Kale, kale, kale, and more kale! It seems as if this superfood is everywhere nowadays; with good reason. Kale is not only versatile in that it can be eaten raw or cooked, but it is also a nutritional powerhouse! Filled with fiber and sulfur, these greens are major detoxifiers. Kale also works as an anti-inflammatory agent, helping to fight arthritis, joint pain, and other auto-immune disorders.
The dressing on this salad ups the anti-inflammatory ante given that the ginger contains compounds called gingerols that are believed to significantly reduce the presence of pain, when consumed regularly. With a hefty dose of fresh garlic too, this dressing has a serious kick.

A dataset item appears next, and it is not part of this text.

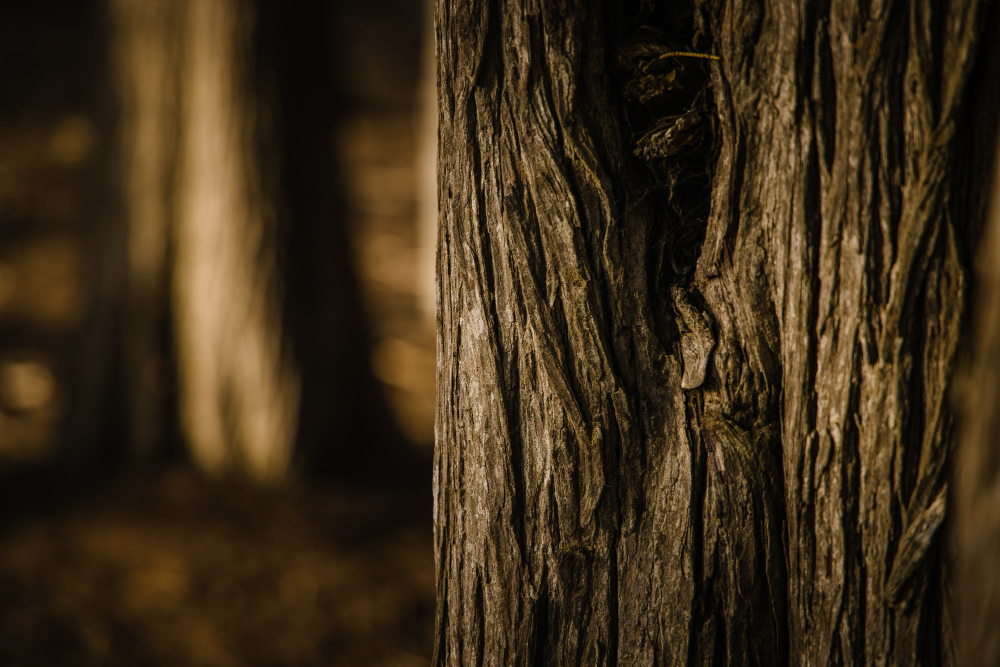 Wood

It has so many health benefits though that the only thing you can expect to flare-up when eating it, is your taste buds!
Ginger-Sesame Kale Salad with Toasted Coconut
INGREDIENTS (Serves 2)
For the dressing:
- 1-inch piece of ginger, grated
- 1 garlic clove, grated
- 1 tablespoon reduced-sodium soy sauce
- 2 teaspoons rice wine vinegar
- ¼ cup creamy peanut butter
- Pinch of cinnamon
- 1 teaspoon toasted sesame oil
- 1/4 cup olive oil
For the salad:
- 1 bunch kale, stemmed and chopped
- ¼ cup coconut flakes
- Whisk the ginger, garlic, soy sauce, vinegar, peanut butter, and cinnamon in a small bowl, until smooth. Add the sesame oil and olive oil to the bowl, and continue whisking until the dressing is thoroughly combined.
- Toss the kale with the dressing in a large bowl, and allow it to set while you toast the coconut.
- Lay the coconut flat on a small pan or piece of tinfoil. Place under a broiler set on high. Toast for approximately 1-2 minutes (watch it, as it will burn quickly!).
- Top the salad with the toasted coconut.
What’s your favorite way to eat kale?